- [WHAT THE EXERCISE ASKS]:
Give back exactly the lines spanning from the one containing "بسبب حمله لافتة" to the final line of the records below, and no others.

# # # # # # #

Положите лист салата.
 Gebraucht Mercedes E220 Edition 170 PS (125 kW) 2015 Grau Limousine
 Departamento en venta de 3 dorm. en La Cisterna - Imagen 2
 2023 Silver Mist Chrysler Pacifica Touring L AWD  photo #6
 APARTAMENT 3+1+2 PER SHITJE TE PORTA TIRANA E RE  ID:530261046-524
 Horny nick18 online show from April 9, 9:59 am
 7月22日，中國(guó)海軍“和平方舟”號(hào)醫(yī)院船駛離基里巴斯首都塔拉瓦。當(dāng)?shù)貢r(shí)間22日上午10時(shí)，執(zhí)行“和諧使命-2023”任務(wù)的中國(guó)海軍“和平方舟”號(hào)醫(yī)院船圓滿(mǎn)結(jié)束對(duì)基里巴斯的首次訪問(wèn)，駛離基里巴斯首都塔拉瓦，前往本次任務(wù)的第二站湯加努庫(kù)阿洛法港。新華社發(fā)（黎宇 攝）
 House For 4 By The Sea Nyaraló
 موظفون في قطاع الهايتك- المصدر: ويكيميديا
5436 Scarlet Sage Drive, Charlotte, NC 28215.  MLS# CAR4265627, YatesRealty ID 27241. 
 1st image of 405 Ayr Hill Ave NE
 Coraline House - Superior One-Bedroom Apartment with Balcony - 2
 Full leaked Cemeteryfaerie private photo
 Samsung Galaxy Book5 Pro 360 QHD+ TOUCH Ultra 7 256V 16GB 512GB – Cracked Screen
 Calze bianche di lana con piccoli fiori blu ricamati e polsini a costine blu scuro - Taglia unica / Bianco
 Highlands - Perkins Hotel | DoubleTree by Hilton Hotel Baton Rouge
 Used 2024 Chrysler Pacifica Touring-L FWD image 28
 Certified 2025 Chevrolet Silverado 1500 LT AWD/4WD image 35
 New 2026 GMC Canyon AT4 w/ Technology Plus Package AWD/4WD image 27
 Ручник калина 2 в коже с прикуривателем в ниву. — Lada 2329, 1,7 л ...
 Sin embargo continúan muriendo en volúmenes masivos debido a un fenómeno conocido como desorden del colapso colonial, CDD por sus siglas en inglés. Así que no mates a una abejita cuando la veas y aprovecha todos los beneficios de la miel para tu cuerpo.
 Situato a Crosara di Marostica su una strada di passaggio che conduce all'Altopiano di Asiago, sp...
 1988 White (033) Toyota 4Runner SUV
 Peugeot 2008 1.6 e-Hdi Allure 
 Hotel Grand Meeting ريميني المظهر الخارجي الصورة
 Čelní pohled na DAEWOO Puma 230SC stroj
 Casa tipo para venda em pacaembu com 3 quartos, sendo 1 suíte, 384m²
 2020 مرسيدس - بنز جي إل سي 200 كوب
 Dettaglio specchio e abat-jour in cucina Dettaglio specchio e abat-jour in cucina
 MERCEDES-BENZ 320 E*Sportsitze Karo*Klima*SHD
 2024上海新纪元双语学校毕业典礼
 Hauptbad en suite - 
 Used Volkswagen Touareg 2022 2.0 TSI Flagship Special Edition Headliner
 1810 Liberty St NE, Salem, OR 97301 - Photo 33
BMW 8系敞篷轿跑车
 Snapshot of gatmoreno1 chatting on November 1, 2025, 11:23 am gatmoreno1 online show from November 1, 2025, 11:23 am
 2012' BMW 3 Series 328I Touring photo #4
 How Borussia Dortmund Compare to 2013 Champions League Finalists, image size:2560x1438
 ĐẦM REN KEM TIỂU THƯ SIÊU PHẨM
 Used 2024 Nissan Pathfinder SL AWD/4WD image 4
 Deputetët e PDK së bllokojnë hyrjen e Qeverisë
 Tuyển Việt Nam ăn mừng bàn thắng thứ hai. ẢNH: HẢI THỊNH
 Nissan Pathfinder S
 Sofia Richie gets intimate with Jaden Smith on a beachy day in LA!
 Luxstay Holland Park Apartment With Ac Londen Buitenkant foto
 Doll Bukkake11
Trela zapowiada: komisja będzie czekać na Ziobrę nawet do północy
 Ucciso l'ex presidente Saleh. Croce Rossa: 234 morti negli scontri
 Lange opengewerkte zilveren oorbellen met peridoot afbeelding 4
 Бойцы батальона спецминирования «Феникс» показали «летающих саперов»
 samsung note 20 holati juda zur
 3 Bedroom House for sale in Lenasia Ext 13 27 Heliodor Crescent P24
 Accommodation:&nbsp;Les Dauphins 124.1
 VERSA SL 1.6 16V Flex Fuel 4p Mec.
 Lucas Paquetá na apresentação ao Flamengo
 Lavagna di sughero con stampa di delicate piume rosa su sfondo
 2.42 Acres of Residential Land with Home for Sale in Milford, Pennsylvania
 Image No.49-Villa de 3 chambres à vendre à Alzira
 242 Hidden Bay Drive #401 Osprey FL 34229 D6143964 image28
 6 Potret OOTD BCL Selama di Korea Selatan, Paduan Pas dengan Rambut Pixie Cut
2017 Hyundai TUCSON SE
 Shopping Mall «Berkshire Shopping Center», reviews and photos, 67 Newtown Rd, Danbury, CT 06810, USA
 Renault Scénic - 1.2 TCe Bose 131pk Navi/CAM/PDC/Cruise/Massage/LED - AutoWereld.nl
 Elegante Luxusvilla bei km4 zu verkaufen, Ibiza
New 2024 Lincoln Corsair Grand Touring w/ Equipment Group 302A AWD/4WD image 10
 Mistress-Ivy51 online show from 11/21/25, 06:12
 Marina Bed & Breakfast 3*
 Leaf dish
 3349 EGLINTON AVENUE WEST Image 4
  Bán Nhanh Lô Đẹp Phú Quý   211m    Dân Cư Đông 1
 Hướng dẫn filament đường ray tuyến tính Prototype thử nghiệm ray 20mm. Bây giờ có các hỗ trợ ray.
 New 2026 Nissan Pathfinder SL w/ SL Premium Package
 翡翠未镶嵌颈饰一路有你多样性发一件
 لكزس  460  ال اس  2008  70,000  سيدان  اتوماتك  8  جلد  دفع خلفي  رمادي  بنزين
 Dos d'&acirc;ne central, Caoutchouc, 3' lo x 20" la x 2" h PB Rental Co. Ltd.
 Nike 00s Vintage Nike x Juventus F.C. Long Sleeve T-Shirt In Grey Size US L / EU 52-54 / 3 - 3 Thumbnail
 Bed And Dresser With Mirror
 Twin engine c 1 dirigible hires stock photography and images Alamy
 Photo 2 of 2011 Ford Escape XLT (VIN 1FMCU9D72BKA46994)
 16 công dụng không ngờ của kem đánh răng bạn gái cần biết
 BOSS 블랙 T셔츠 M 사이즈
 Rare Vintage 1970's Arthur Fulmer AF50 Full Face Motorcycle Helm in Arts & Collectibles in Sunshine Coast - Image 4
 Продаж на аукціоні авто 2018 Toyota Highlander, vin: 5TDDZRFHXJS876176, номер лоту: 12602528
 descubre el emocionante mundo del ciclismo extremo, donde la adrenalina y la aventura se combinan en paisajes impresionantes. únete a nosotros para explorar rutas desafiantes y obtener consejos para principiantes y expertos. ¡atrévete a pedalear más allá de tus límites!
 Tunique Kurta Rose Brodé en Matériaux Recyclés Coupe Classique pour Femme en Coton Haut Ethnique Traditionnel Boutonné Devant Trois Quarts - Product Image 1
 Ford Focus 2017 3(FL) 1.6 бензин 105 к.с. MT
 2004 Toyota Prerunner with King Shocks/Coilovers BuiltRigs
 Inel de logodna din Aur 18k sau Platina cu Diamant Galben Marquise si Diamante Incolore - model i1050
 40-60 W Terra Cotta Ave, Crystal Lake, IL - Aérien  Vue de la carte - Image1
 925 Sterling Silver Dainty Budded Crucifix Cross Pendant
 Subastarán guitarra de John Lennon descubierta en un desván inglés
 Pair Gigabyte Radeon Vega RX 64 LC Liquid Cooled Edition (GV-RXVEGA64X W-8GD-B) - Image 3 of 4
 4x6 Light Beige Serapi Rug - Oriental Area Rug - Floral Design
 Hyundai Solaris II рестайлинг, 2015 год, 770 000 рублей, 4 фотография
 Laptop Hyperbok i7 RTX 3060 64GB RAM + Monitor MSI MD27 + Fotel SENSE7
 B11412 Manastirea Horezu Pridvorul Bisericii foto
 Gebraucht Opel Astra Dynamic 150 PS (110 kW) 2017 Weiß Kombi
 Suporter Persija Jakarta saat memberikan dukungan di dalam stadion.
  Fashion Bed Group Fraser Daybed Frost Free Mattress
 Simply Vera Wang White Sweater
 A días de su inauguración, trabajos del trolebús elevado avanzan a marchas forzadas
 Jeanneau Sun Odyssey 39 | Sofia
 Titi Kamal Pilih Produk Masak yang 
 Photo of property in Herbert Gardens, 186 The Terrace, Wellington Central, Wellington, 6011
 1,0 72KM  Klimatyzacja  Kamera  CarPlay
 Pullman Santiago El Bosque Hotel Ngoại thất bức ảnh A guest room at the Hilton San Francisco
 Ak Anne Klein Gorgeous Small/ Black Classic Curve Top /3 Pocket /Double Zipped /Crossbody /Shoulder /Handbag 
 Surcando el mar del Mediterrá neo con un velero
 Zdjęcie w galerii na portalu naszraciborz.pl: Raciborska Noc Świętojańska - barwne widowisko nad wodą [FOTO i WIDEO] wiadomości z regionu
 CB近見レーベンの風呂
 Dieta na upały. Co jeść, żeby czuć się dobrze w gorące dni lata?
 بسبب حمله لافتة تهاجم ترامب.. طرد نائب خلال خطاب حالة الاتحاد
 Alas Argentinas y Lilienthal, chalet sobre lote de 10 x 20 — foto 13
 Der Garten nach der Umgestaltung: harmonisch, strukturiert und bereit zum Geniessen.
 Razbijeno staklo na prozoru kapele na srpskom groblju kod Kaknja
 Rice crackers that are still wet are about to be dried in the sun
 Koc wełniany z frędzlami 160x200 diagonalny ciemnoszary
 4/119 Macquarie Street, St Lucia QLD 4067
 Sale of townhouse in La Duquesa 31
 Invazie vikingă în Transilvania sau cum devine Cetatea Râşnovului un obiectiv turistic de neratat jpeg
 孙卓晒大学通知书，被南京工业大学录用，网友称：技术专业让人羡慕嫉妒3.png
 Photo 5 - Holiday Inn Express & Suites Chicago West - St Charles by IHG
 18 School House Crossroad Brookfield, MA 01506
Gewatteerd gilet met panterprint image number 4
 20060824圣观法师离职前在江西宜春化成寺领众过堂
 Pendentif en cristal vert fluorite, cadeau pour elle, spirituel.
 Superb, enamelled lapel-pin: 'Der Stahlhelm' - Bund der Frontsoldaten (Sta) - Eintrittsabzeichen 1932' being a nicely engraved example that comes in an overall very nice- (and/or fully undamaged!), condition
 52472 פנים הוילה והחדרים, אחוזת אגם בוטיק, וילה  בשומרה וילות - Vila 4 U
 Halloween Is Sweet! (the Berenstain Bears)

# # # # # # #

- [ANSWER TO THE PROBLEM]:
 بسبب حمله لافتة تهاجم ترامب.. طرد نائب خلال خطاب حالة الاتحاد
 Alas Argentinas y Lilienthal, chalet sobre lote de 10 x 20 — foto 13
 Der Garten nach der Umgestaltung: harmonisch, strukturiert und bereit zum Geniessen.
 Razbijeno staklo na prozoru kapele na srpskom groblju kod Kaknja
 Rice crackers that are still wet are about to be dried in the sun
 Koc wełniany z frędzlami 160x200 diagonalny ciemnoszary
 4/119 Macquarie Street, St Lucia QLD 4067
 Sale of townhouse in La Duquesa 31
 Invazie vikingă în Transilvania sau cum devine Cetatea Râşnovului un obiectiv turistic de neratat jpeg
 孙卓晒大学通知书，被南京工业大学录用，网友称：技术专业让人羡慕嫉妒3.png
 Photo 5 - Holiday Inn Express & Suites Chicago West - St Charles by IHG
 18 School House Crossroad Brookfield, MA 01506
Gewatteerd gilet met panterprint image number 4
 20060824圣观法师离职前在江西宜春化成寺领众过堂
 Pendentif en cristal vert fluorite, cadeau pour elle, spirituel.
 Superb, enamelled lapel-pin: 'Der Stahlhelm' - Bund der Frontsoldaten (Sta) - Eintrittsabzeichen 1932' being a nicely engraved example that comes in an overall very nice- (and/or fully undamaged!), condition
 52472 פנים הוילה והחדרים, אחוזת אגם בוטיק, וילה  בשומרה וילות - Vila 4 U
 Halloween Is Sweet! (the Berenstain Bears)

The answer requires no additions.